Thanks, Ed. Our house is single story so we wouldn't have the advantages of the convection heat movement like you have. I think we are going to go with a larger diameter duct and since it must be insulated to go through the attic anyway, maybe we will get warm air in the living room. On that website, there was a sound muffler that we may have to get as well because DH plans to place the ductwork/fan over a doorway between the bedroom and the room with the woodstove in it. 

Thanks again.


----------



## greg273 (Aug 5, 2003)

I have my woodstove in a 10x10ft add-on room, and even with the door to the house open the air doesnt circulate well. ( it would be 100F in the woodstove room and 55F in the house...). So I cut a hole and put a fan in the adjoining wall, with both an on/off switch and a thermostat I took from an attic fan. Now, when the heat in the furnace room gets above a certain point, say 95F, the fan kicks on and starts blowing that warm air into the room. Pretty soon, the whole house is warm. And at night, when the fire gets lower, the thermostat will automatically shut the fan down.

This, plus a few strategically placed passive vents, circulates air to the entire house. 

HomeDepot or Lowes sells the thermostats, check in the attic ventilation area, they are less than $20.


----------



## tamsam (May 12, 2006)

I used a fan like that in an insulated flex pipe with great results. I used a heat register and made a cover for it to fasten the pipe to on each end. Just be sure you mount the fan to something solid. Sam


----------



## MOgal (Jul 27, 2002)

Thanks, Greg and Sam. We hadn't thought about a thermostat but it sounds like a good idea to prevent circulation of cold air as the stove cools down at night. Sam, what is the diameter of the fan and ductwork you used? We were thinking at least 8" for maximum air flow. DH had already thought about how to make a solid connection between the fan and the ceiling joists where he's going to tap into the electrical system. 

We had been thinking about pulling air from the warm room to the cold room through the attic but some other reading on line said that it's better to go the other direction. It made sense due to the cold air being denser and heavier pushing the warm air into the rest of the house. Also, why pull warm air through the cold attic even though it's in an insulated pipe? 
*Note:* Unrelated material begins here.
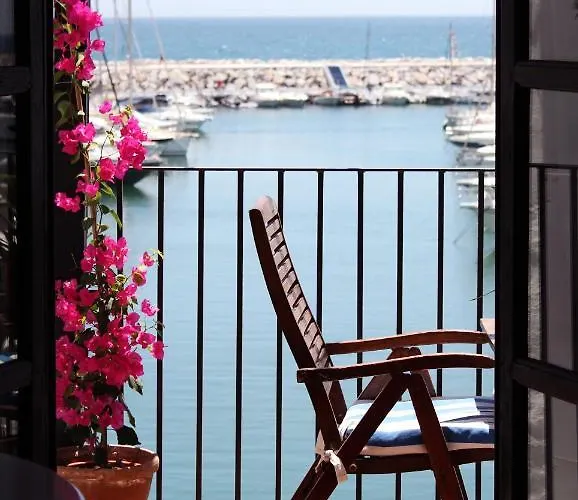 First Line In Puerto Banus Apartament Marbella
I surely do appreciate the input. DH won't be able to tackle this project for another 2-3 weeks but I'm getting excited about saving more money by not having to use so much propane. I'll report back about our results. Thanks again.


----------



## SolarGary (Sep 8, 2005)

greg273 said:


> I have my woodstove in a 10x10ft add-on room, and even with the door to the house open the air doesnt circulate well. ( it would be 100F in the woodstove room and 55F in the house...). So I cut a hole and put a fan in the adjoining wall, with both an on/off switch and a thermostat I took from an attic fan. Now, when the heat in the furnace room gets above a certain point, say 95F, the fan kicks on and starts blowing that warm air into the room. Pretty soon, the whole house is warm. And at night, when the fire gets lower, the thermostat will automatically shut the fan down.
> 
> This, plus a few strategically placed passive vents, circulates air to the entire house.
> 
> HomeDepot or Lowes sells the thermostats, check in the attic ventilation area, they are less than $20.


Hi Greg,
How big are the fan and the duct?

Gary


----------



## GREENCOUNTYPETE (Jul 25, 2006)

you may have better air movment if you use a squirl cage blower to feed the duct from the stove end.it volume and volocity is greater when pushing air than pull it in a duct 

you can probably push it right back into the duct you talk about inadiquatly suppling heat to that area.
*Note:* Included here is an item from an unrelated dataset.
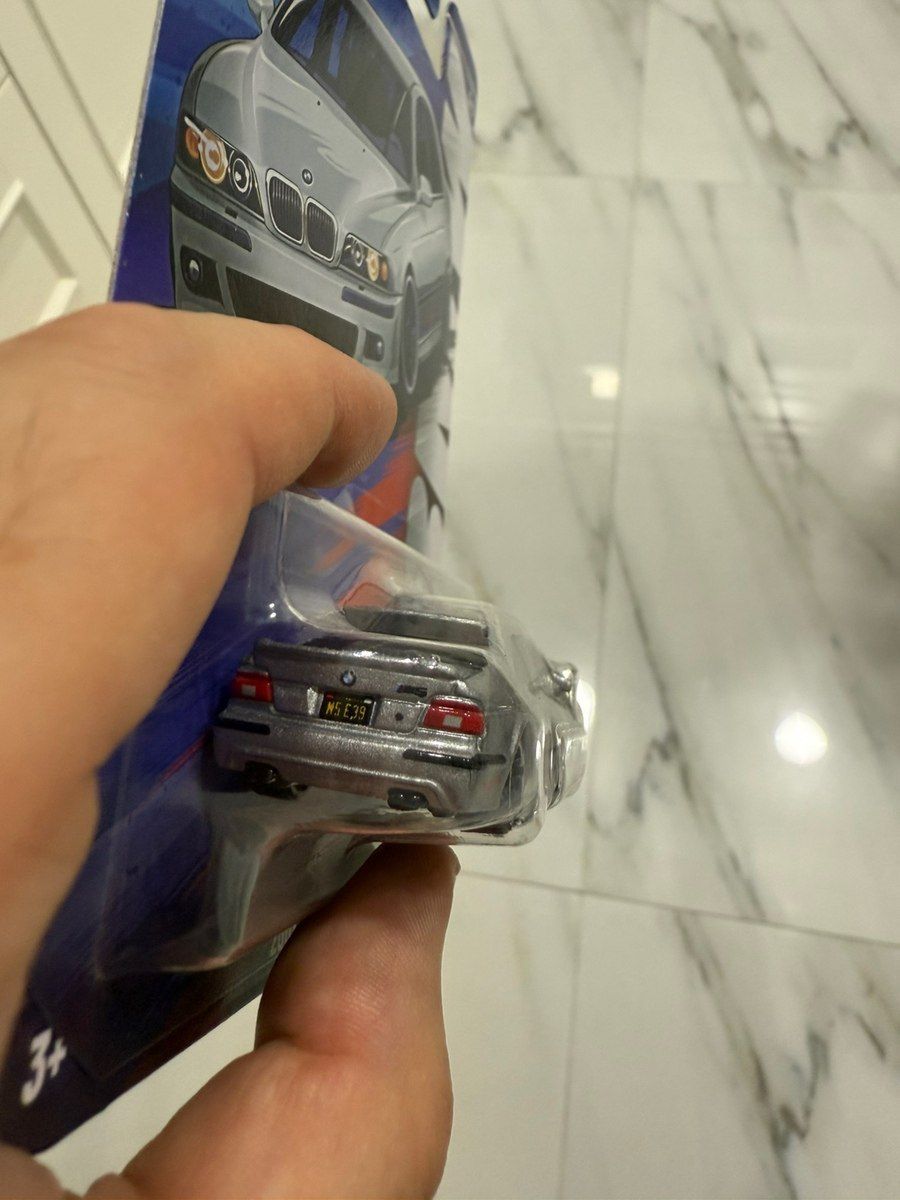 Hot Wheels BMW M5 E39 modeli — Kolleksiyalar, Bakı (3)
you may also look into a majic heater a co-worker hooked duct work to one it took a little sheet metal work but it feed into his forced air furnace then he put a thermosatat on the blower in his furnace .to push the air he has a squirl cage blower pus cold ait into the back of the majic heater it gets heated and comes out the from turns a 90 and goes into the next room thru a wall were it is plumed into the cold air return.


----------



## OJ Rallye (Aug 4, 2005)

Hello Mogal,

I used a smaller fan in a 6" stove pipe. (I'm getting heat from an 8" tee that collects heat from around the 6" pipe from the waste oil heater.) The little fan couldn't push hardly any air through 30-40 feet of 6" stovepipe and the insulated tube. I moved it to the exit end and it works great. If you mount the fan at the source end, it has to push all that air.
If it is on the exit end, it only has to push a little and I guess the rest is drawn in easily.

BR
David


----------



## MOgal (Jul 27, 2002)

I'm so grateful for all this great input and I know it will save us some costly mistakes. Thank you all.
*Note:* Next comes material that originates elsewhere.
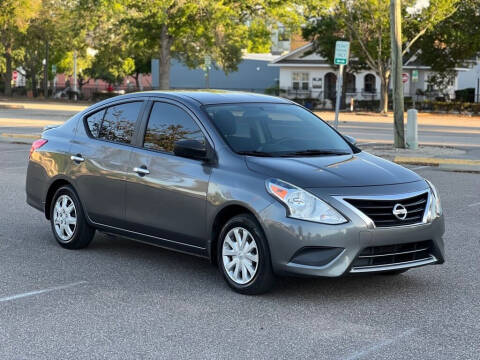 2016 Nissan Versa for sale at Carlando in Lakeland FL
But if anybody else wants to chime in, feel free!


----------



## greg273 (Aug 5, 2003)

SolarGary said:


> Hi Greg,
> How big are the fan and the duct?
> 
> Gary


 It is an ~8" fan, I'll have to check, the amperage is around 1.5 or something like that. It is from an old kitchen exhaust fan. It is a bit loud, I would like to find something quieter and with less amperage. ( this is in an off grid situation, with limited PV power, especially in winter!)


----------